Readings / QQCR link Submit a QQCR on each set of 13 lecture readings (excludes Lecture 01).
Update 9/28 Podcasts link Submit two Computing in the News podcasts that receive passing peer review grades. Also, provide 2 peer reviews for each podcast.

Lectures #

Lecture will be each Wednesday 5:00-6:30PM hybrid in Evans 10 with a Zoom simulcast. Participation will be expected for both in-person and Zoom students.

Lecture is going to be a mix of presentations, students asking questions, small group discussion, and class-wide debriefing. Participation will be expected.

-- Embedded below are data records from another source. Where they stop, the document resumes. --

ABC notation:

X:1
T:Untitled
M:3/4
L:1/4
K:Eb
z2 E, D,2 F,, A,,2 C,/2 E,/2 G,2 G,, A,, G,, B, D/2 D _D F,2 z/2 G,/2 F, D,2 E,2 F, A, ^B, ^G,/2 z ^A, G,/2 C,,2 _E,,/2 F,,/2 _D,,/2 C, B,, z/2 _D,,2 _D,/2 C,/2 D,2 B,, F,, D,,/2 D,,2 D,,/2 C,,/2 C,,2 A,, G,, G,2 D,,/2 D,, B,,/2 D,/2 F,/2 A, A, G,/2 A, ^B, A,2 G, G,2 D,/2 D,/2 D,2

Attendance will be taken in class and is required either online or in-person. You cannot have a time conflict. The lecture is the vast majority of the experience of the class. There will not be after-the-fact recordings posted.

Surveys #

There will be periodic surveys throughout the semester, announced during class and on Ed. Please submit the survey on time by the date listed on the homepage.

  • Pre-semester survey: Lecture 01
  • Technology and identity survey: Lecture 06
  • End-of-semester survey: Lecture 15 (note: this is separate from campus course evaluations)

Readings / QQCR #

Readings for each week will be released the Friday before each next class (or thereabouts). Please finish the readings before class!

QQCR, or Question, Quote, Comment, and Reply, is a short weekly assignment on the readings to help you reflect on the readings and contribute to an ongoing class discussion. (Updated 8/30 to reduce workload.)

To complete a QQCR,

  • Post a question, quote, comment, or reply on the associated Ed megapost for a reading.
    • Question: Make a new thread under the megapost with a question about the reading and any needed context for others to follow up. You should include the text [Question] at the beginning of your post.
    • Quote: Make a new thread under the megapost with a quote from the reading, and your comment/reaction to that quote. You should include the text [Quote] at the beginning of your post.
    • Comment: Make a new thread under the megapost with a comment about the reading. You should include the text [Comment] at the beginning of your post.
    • Reply: Make a response on someone else’s thread in the associated Ed megapost for a reading.
  • It is OK for you to post anonymously, meaning your name will be anonymous to fellow classmates but visible to course staff (who will use it for tracking assignment credit).
  • See below for grading and community guidelines.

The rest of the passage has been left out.